Should you incubate eggs flat on their sides or vertically with the big end up?

Most of my egg incubators lay the eggs on their sides and turn them back and forth.

Egg incubators with automatic egg turners have two different ways of holding the eggs secure during incubation, some hold the eggs upright with the large blunt end up and some keep the egg horizontally flat on their sides and roll them backwards and forwards.

But which of these methods of egg position is better?

I have both types of egg turner and with the small numbers in my incubators, I have never noticed a difference in the hatch rates between the two.

Scientific testing has shown that egg incubated vertically have better hatch rates but only if turned much more often. As with everything there is always a trade off involved.

Below: In nature the hens always keep the eggs flat in the nests and most small incubators for backyard keepers mimic this process.

What is the best way to position eggs in incubator?

It is better to incubate eggs vertically with their large round ends pointing upwards, but only if the eggs are turned by at least 45 degrees either side of the vertical and more often.

A study in 1953 which incubated batches of 1533 eggs at a time found that hatchability of chicken eggs was increased from 71.3% for egg laid on their side to 75.1% for eggs incubated upright with their small ends down.

Below: A plot of the percentage of hatch versus angle of turning for for both flat and upright eggs.

It is not all sweetness and light though, it was found during the study that eggs needed to be turned at least once an hour or 24 times a day to maintain the increase in hatch rate. This is in contrast to eggs which have been placed flat on their sides which only need turning 3 to 5 times in 24 hours.

Chick body weight, yolk weight, and yolk-free body mass were not affected by egg position. 

An increase of 4% may not seem like much but commercially this represents a huge increase in productivity. It is not practical for the ordinary poultry keeper to turn their eggs 24 times a day unless you have automatic egg turners.

Below: The Brinsea machine tilts the eggs from side to side.

The air sac in the egg is located at the blunt end of the egg. When the egg is incubated vertically, the air sac is always at the top of the egg, which allows for better gas exchange.

If the egg is incubated flat on its side, the air sac can move around, which can disrupt gas exchange and lead to problems with the embryo.

Should you store eggs upright in trays or laying down on their sides?

It makes no difference whether you store fertile hatching eggs on their sides or upright in trays provided they are turned at least once a day.

Eggs stored on their sides must be turned through 180° at least once a day and egg stored upright must be tilted at least 45° either side of the vertical, a total movement of 90°.

The hens keep their eggs in a nest with stable humidity and temperature and the best action is to mimic them.

What position is best to hatch eggs in?

You should hatch eggs on their sides. This is the position they hatch in in nature and several studies have confirmed that egg laid flat to hatch have fewer malpositioned chicks.

Hatchability was affected by egg position in the hatching phase of incubation, but it did not affect the duration of the hatching process.
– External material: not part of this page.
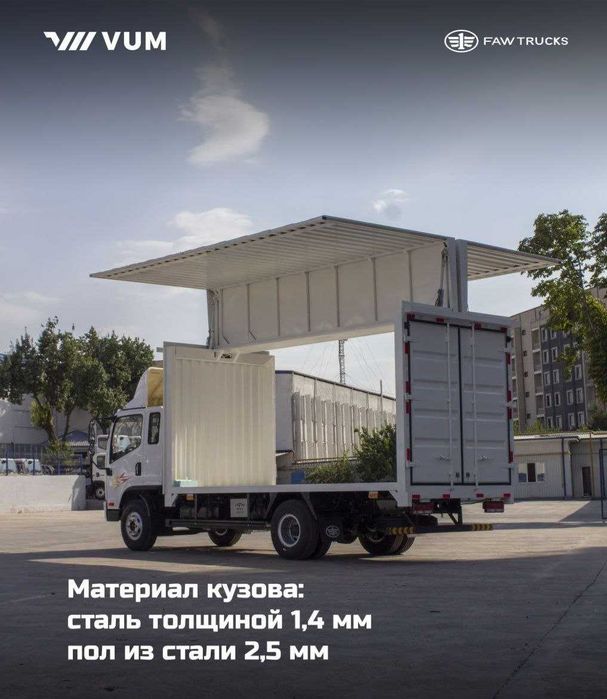 Фургон FAW Tiger V цельнометаллический бабочка 24,6 м³ от офиц. дилера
Below: You should remove egg cradles before hatching.

Eggs hatch better when flat on their sides, all other egg positions tested in the study resulted in increases of malpositioning of embryos to as much as 4.73%. 


If you have an incubator that turns the eggs on their sides you are likely to see almost the same results as with any other sort of egg trays. Cheap incubators often do not tilt egg far enough to see the benefit of vertical incubation.

Bigger gains in hatchability can be had with better selection and care of eggs, better husbandry of parent stock and improved incubation practices.